Another form of defamation is the deliberate insulting of a group of people on the grounds
of their race, their religious convictions or their homo- or heterosexual inclination. This offence
is found in the Penal Code among the offences against the public peace. In this case, in
particular, the tension between protecting the rights of others on the one hand, and freedom
of speech on the other, is palpable. Dutch law, in conformity with the consistent view of the
European Court of Human Rights (ECHR), generally proceeds on the assumption that a
defamation prohibition is not applicable if a conviction would conflict with section 10 of the
European Convention safeguarding freedom of speech. This is certainly the case when the
utterances contribute to public debate, even if they ’offend, shock and disturb’. European law
has led Dutch judges to take a relatively lenient position on defamation uttered within the
framework of public debate. Freedom of speech is seen as essential to the function of a
democratic political system. The final chapter deals with the central element of all defamation:
a person’s honour and reputation. The question discussed is what legal interests are protected
by the defamation prohibitions. To begin with, attention is paid to the meaning of the term
’honour.’ A number of more or less anthropological considerations lead to the conclusion that
in their interpretation of the concept of honour earlier (small-scale) societies laid particular stress
on reputation. Seen in this perspective, it is damage to reputation that leads to loss of honour.
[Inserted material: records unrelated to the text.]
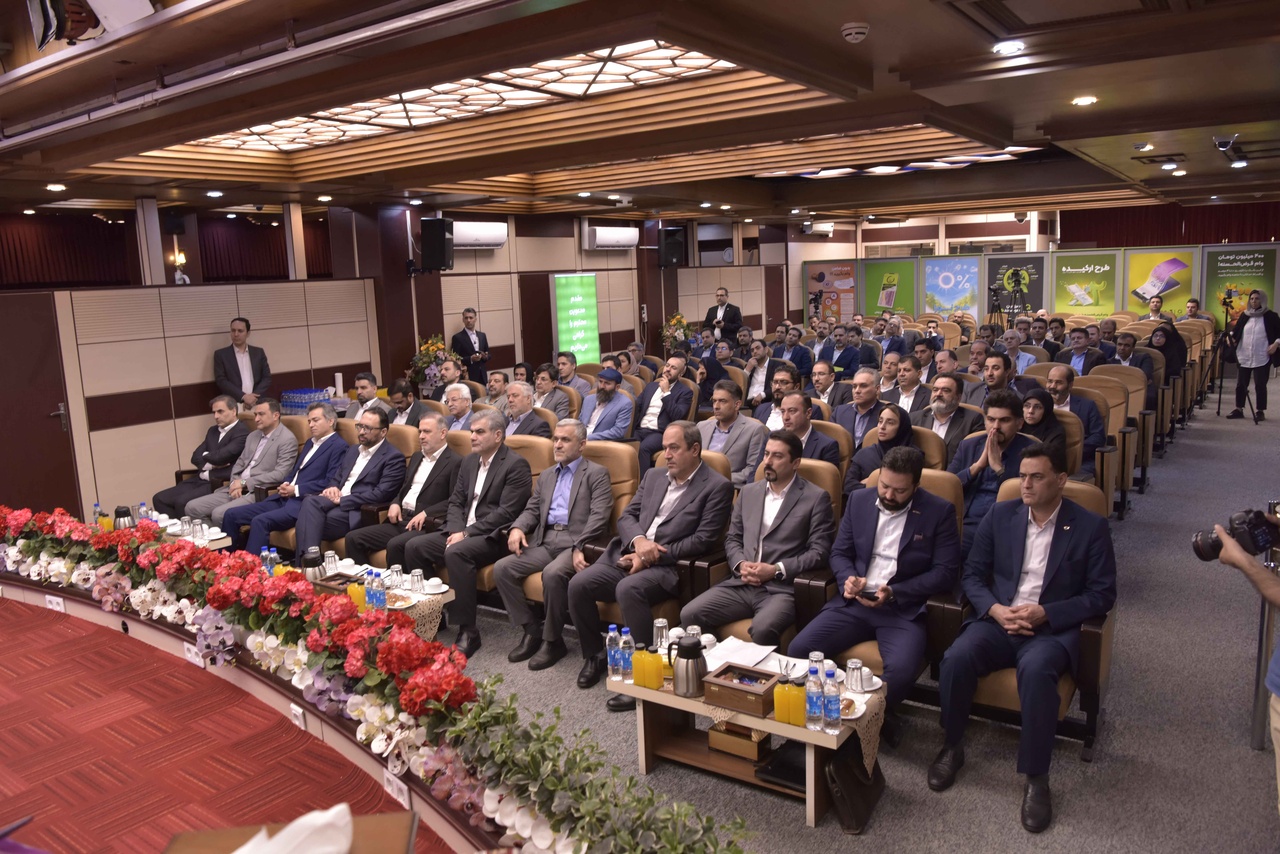 بانک قرضالحسنه مهر ایران آماده جهش از ۲۰ به ۴۰ میلیون مشتری میشود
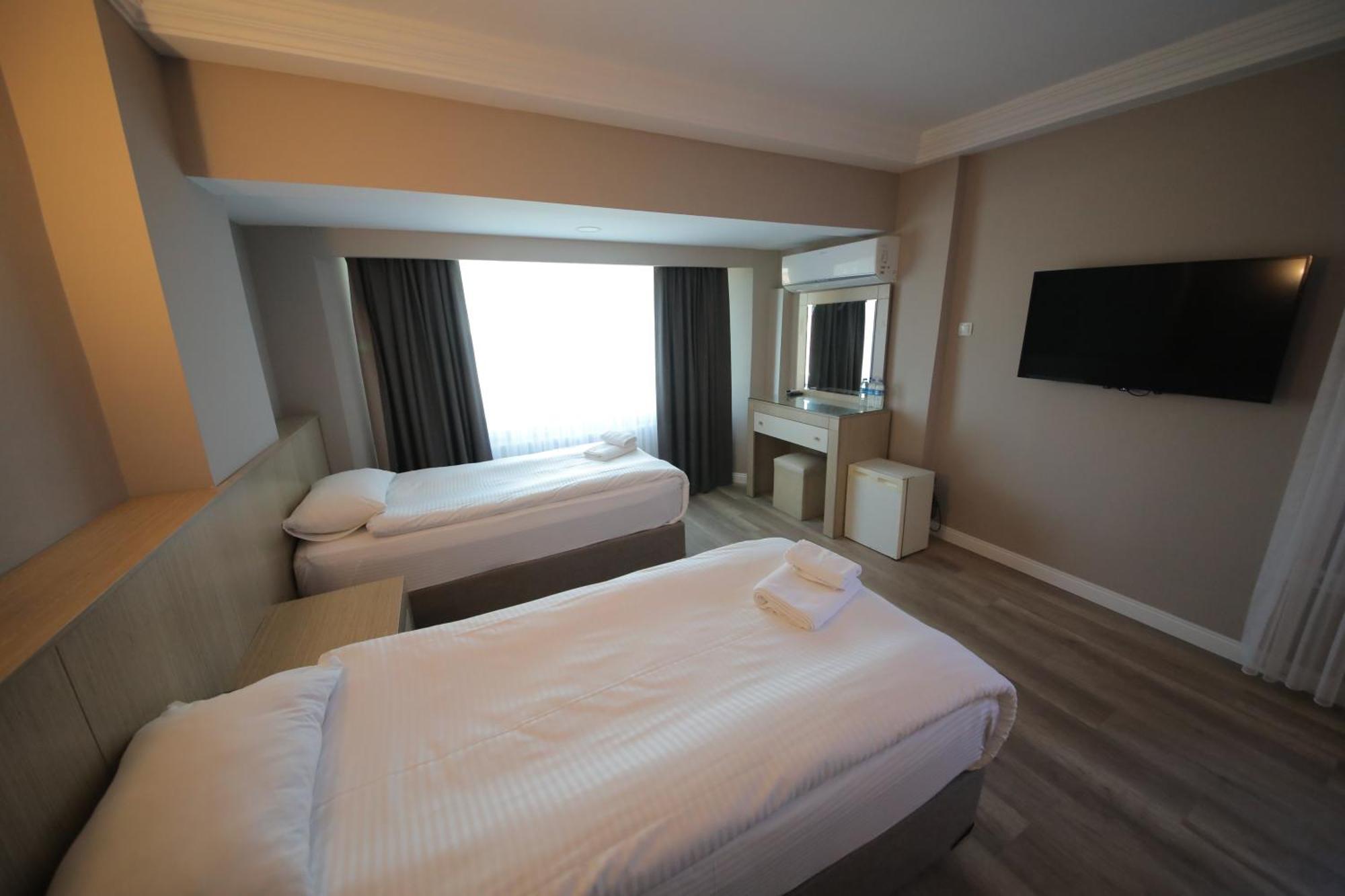 Airport Hotel 3*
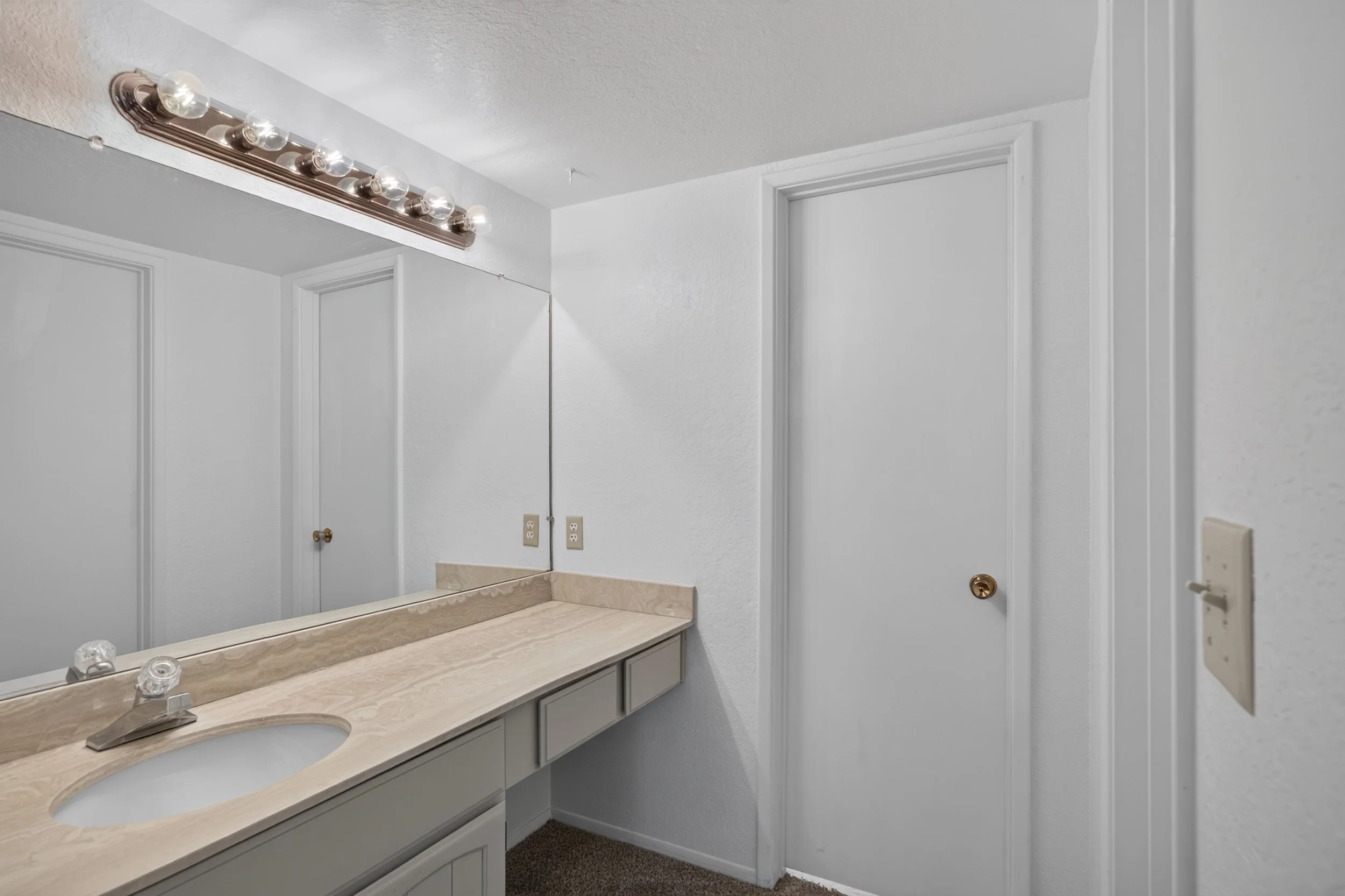 27 Main Bathroom photo a.jpg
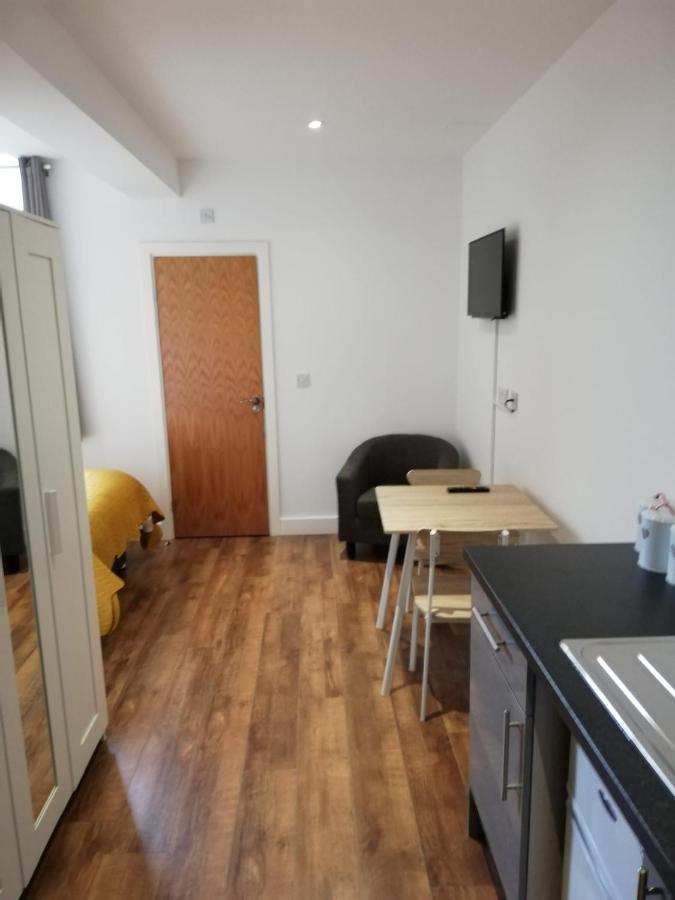 Sublime Stays Webberley Stylish Studio Stoke City Centre Bagian luar foto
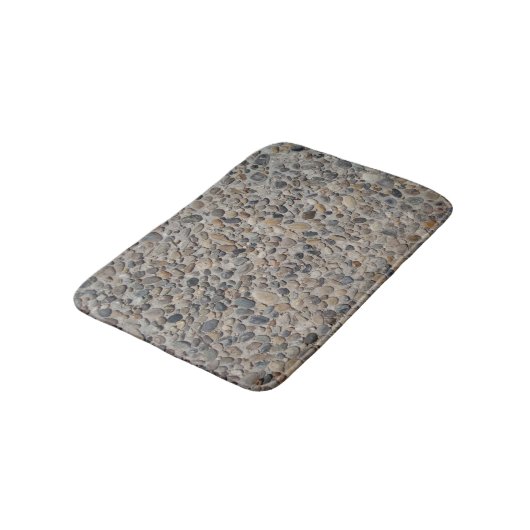 Gewitterter Kies Cool Funny Realistic Cobblestone Badematte (Schrägansicht)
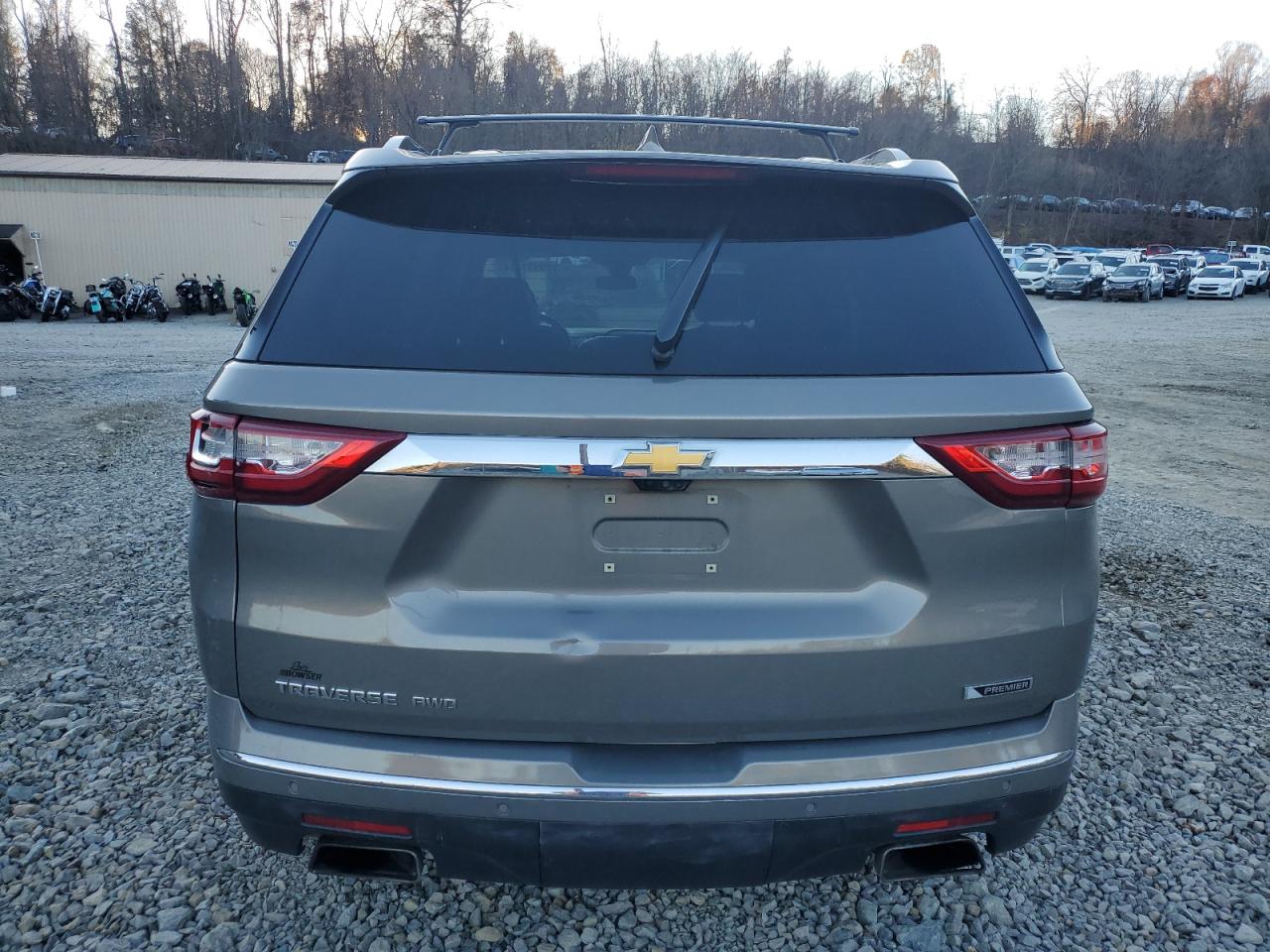 2018 Chevrolet Traverse VIN 1GNEVJKW5JJ170016 Copart auction photo, front end / rear end damage thumbnail 6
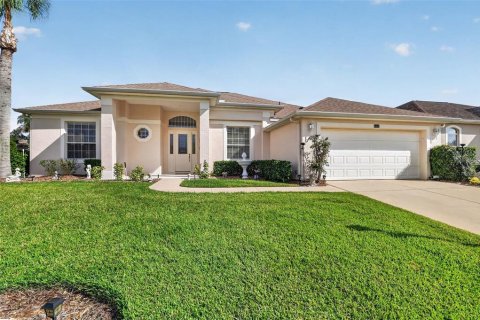House in Leesburg, Florida 2 bedrooms, 203.27 sq.m. № 2396373 - photo 11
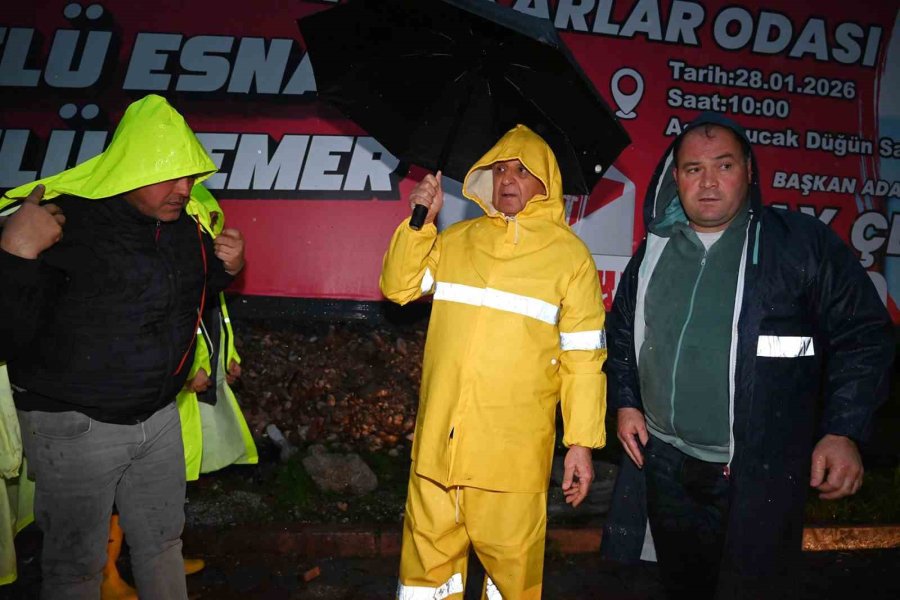 Kemer’de Sağanak Etkili Oldu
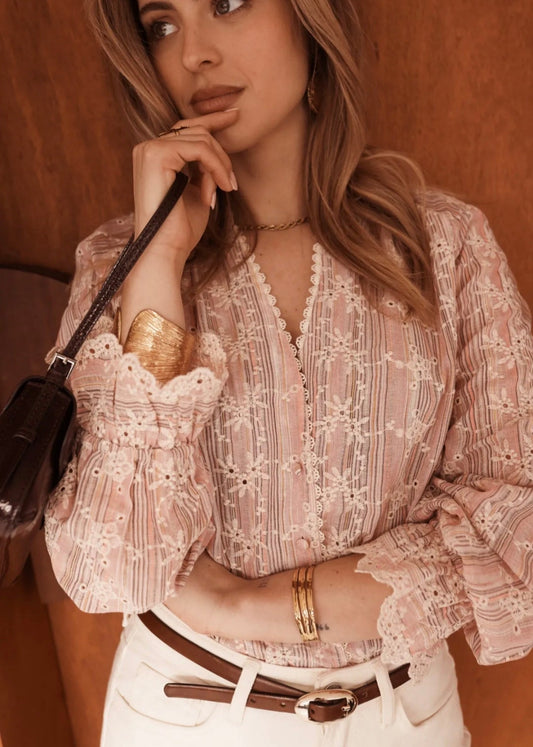 Blouse rose élégante brodée col v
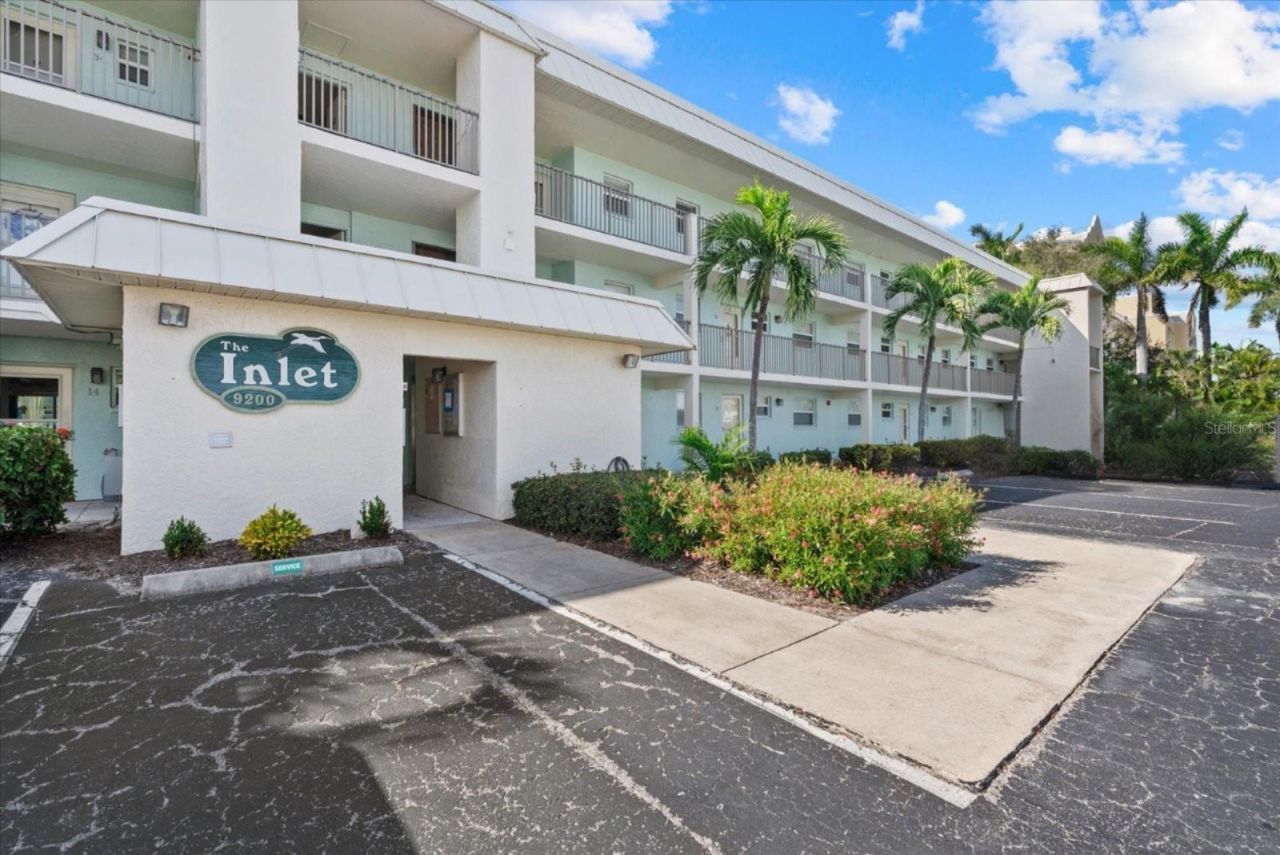 9200 Midnight Pass Road, Unit 28, Sarasota, FL 34242 Photo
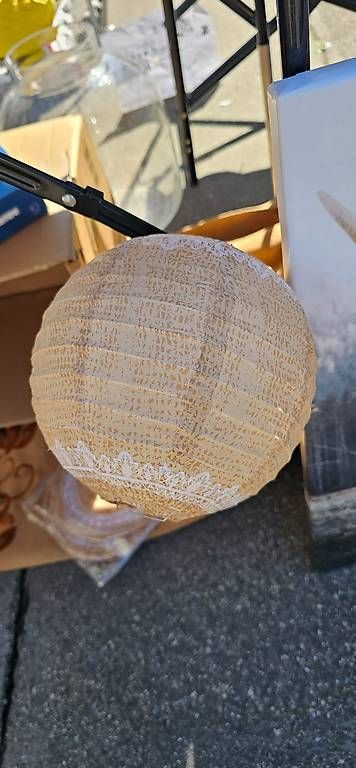 Tutte le decorazioni: Papierlampions – Usato da Rickenbach LU venduto da jess8421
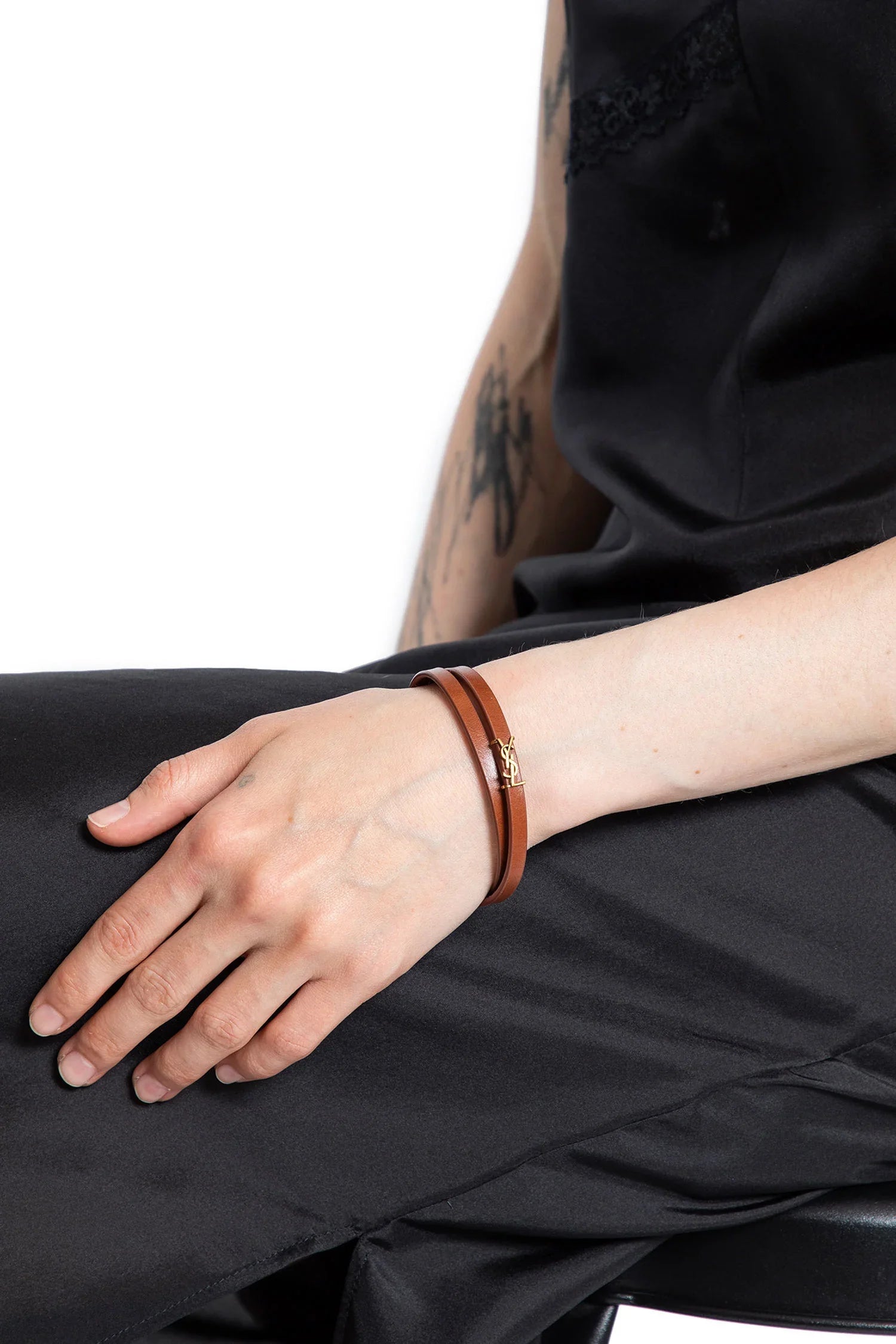 Cassandre Double-Wrap Bracelet in Leather - Antonioli.eu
The link between a person’s honour and his physical appearance was also important: dishonour
was associated with physical defects and certain physical taboos.
With the growing dominance of bourgeois values, the emphasis of the concept of honour shifted
to the dignity of the citizen. This shift implied the recognition that every human being, whatever
his status or origins, has ’honour’. The prsent-day legal meaning of the concept of honour is
based on that idea. Legally-protected honour is that recognition of his moral dignity that every
citizen has a right to expect. Defamation prohibitions protect moral dignity. Self-esteem and
self-respect, on the other hand, do not fall within the legally-protected notion of honour.
The two basic defamation offences each have a particular emphasis. The notion of
defamation in the case of libel and slander concerns a person’s public moral reputation. The
notion of defamation in the offence of insult concerns the respect every individual is entitled
to in social intercourse. Disrespect, for example by using invective, is insulting.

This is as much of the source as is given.